Maria Callas arranca con su muerte para saltar a intentar explicar la semana anterior a ese trágico día en el que se la encontraron sola, tirada en su piso. Tenía 53 años, pero demasiado vividos y sufridos. Llevaba ya años luchando con la pérdida de su voz y con la pérdida del que fue su gran amor, Aristóteles Onassis. Acompañada sólo por su mayordomo, su ama de llaves, sus recuerdos y remordimientos, La Callas de Angelina Jolie vaga casi como un espíritu en ese estilo entre onírico y fantasmagórico que Larraín estableció desde Jackie y que aquí, animado por la propia naturaleza trágica e hiperbólica de la ópera, lleva hasta el extremo.
Del color del tiempo presente pasa al blanco y negro cuando se regodea en el dolor o en la felicidad del pasado: el día que conoció a Onassis, el día que comenzó su romance, la muerte de él, que la llamó para despedirse y declarar su amor (aunque seguía siendo un secreto), pero también esa adolescencia en Atenas en la que su madre la obligaba a cantar (y más cosas) ante soldados nazis durante la II Guerra Mundial. “Mi madre me obligó a cantar, Onassis me lo prohibió, ahora quiero cantar yo”, dice en un momento dado cuando le preguntan por qué pelea contra sí misma, contra su voz, cuando en realidad pelea por, finalmente, tener el control.
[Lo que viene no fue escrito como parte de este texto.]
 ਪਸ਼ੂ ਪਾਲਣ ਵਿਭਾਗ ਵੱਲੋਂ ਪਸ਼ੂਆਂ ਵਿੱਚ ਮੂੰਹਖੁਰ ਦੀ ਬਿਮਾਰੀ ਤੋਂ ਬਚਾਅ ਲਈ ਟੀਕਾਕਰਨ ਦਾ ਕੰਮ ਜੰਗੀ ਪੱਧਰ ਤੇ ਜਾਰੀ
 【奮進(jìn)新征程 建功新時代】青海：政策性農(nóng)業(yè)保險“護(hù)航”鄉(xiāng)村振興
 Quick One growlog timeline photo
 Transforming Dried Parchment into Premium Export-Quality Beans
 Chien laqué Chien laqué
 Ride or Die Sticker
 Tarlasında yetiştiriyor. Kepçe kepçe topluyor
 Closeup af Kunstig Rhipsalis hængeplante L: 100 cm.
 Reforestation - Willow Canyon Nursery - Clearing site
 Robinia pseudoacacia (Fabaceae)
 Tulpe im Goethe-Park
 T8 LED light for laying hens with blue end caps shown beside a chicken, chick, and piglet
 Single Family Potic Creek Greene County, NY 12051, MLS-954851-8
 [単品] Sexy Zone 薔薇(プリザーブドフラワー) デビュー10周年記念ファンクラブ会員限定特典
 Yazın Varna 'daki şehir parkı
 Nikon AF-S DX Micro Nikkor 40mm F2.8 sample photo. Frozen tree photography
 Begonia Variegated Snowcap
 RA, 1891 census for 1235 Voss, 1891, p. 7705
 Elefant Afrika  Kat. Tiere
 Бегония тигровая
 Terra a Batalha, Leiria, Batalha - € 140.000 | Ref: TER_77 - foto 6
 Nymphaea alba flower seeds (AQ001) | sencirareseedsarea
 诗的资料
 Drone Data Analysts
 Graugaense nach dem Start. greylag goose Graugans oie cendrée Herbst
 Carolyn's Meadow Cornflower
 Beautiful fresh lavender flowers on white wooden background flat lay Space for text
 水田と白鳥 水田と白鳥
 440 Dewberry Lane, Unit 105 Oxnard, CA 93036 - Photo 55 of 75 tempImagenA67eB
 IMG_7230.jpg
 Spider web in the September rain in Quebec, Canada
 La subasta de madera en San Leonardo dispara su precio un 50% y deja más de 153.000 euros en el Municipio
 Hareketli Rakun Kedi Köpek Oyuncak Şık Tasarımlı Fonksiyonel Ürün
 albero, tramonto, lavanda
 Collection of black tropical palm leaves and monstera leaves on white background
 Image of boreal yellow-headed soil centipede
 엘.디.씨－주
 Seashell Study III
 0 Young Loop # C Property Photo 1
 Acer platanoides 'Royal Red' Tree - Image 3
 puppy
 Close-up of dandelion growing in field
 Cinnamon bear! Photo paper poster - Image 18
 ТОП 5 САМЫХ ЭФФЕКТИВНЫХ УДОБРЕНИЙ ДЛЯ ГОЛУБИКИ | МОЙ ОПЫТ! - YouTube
La película es una repetición de esos momentos, de los recuerdos, de La Callas intentando cantar de nuevo, de su charla con un periodista que tiene el mismo nombre que la droga prescrita de la que abusa, Mandrax. Es decir, nada es real. O sí. En la reiteración, Larraín vuelve a buscar el efectismo de la historia, aunque aquí no sea tan eficaz como en las dos anteriores. Y eso a pesar de la ópera, de esas arias que van acompañando la tragedia personal de la diva.
Siete meses estuvo trabajando Angelina Jolie en su voz para que pudieran unirla a la voz real de Callas en algunas de las arias, el resultado de su inmersión en el personaje se siente y es, sin duda, su mejor trabajo desde hace años.